Dynamite Headdy's Horrors

Dynamite Headdy has a secure yet easily sidelined role in Treasure’s catalog. It’s not unfairly maligned like Advance Guardian Heroes or Light Crusader, and it’s not unfairly obscure like Bangai-O Missile Fury or Rakugaki Showtime. It’s well-liked but simply just not discussed as often as Gunstar Heroes, Radiant Silvergun, and other classics that defined Treasure’s reputation as masters of the action game. 

Like all Treasure games, Dynamite Headdy deserves more mainstream attention. This website is as far from the mainstream as one can go, but I'll still look at one weird minor moment from the game.

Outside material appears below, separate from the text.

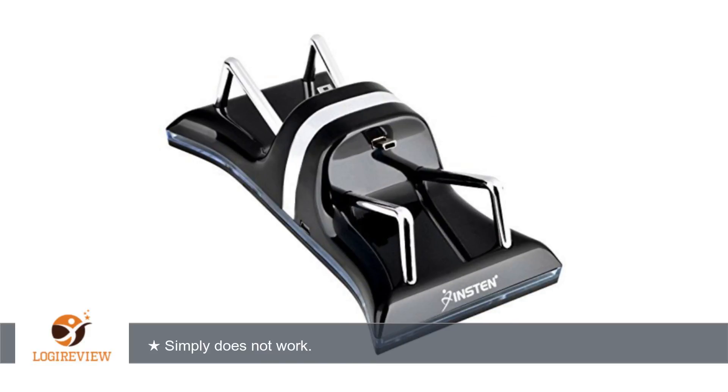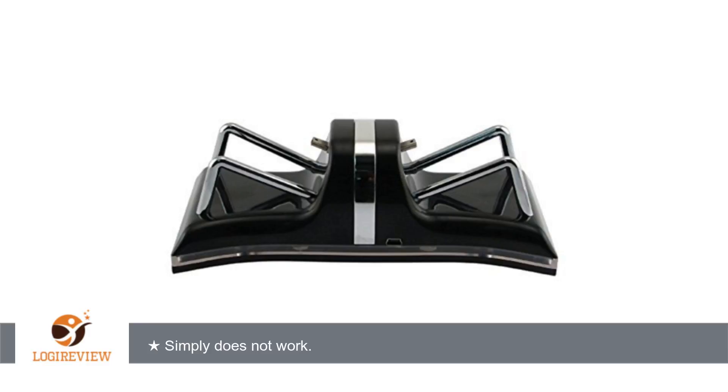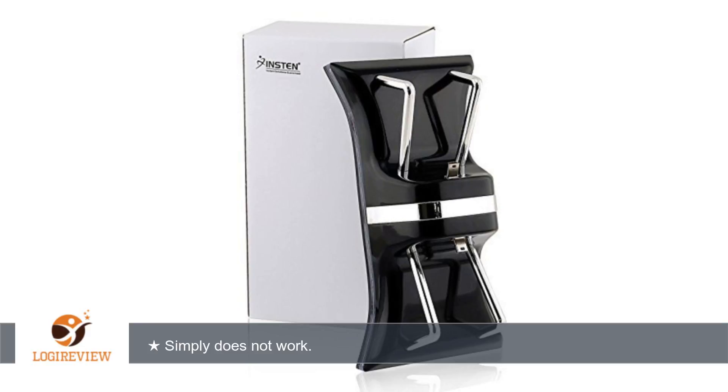A customer wrote: this product does not work properly. The pretty little blue lights come on, but it does not charge the controllers, which is the whole point of having it. I checked everywhere and there is no switch. The documentation is vague and obviously written by someone with English as a second language.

One could call Dynamite Headdy a standout of the Sega Genesis, but among side-scrollers of any period or console it’s spectacular: a surreal, theatrical frolic through a world of sentient marionettes and other toys, starring a neckless hero who tosses his noggin around. It’s packed with enough colorful vistas, clever stages, novel power-ups, and memorable boss battles to make it a great platformer, though that may apply more to the Japanese version. The American release excises almost all of the dialogue and makes everything both harder and more tedious, but even then it’s a good time. 

All is not lighthearted and wondrous within Dynamite Headdy’s world, though. There are some typical Treasure jabs of dark humor, of course, but the opening of stage 4-1 gets surprisingly gruesome.

Halfway through the level Headdy encounters a large and helpfully labeled drainpipe jutting up from the ground. Small spherical creatures jump out of it; they’re smiling little things called Happy Campers (or Browny Bon-Bons) and they resemble pleasant Pac-Man characters or perhaps South Park Canadians. They don’t damage Headdy, apparently wishing him no harm.

There are large spikes near the pipe, and Headdy must proceed in the level by pecking at the Happy Campers and impaling them there like the prey of a shrike. The Campers go limp and turn blue once speared, and only after Headdy’s filled the spike with their corpses does he have enough of a platform to jump upon and move forward. 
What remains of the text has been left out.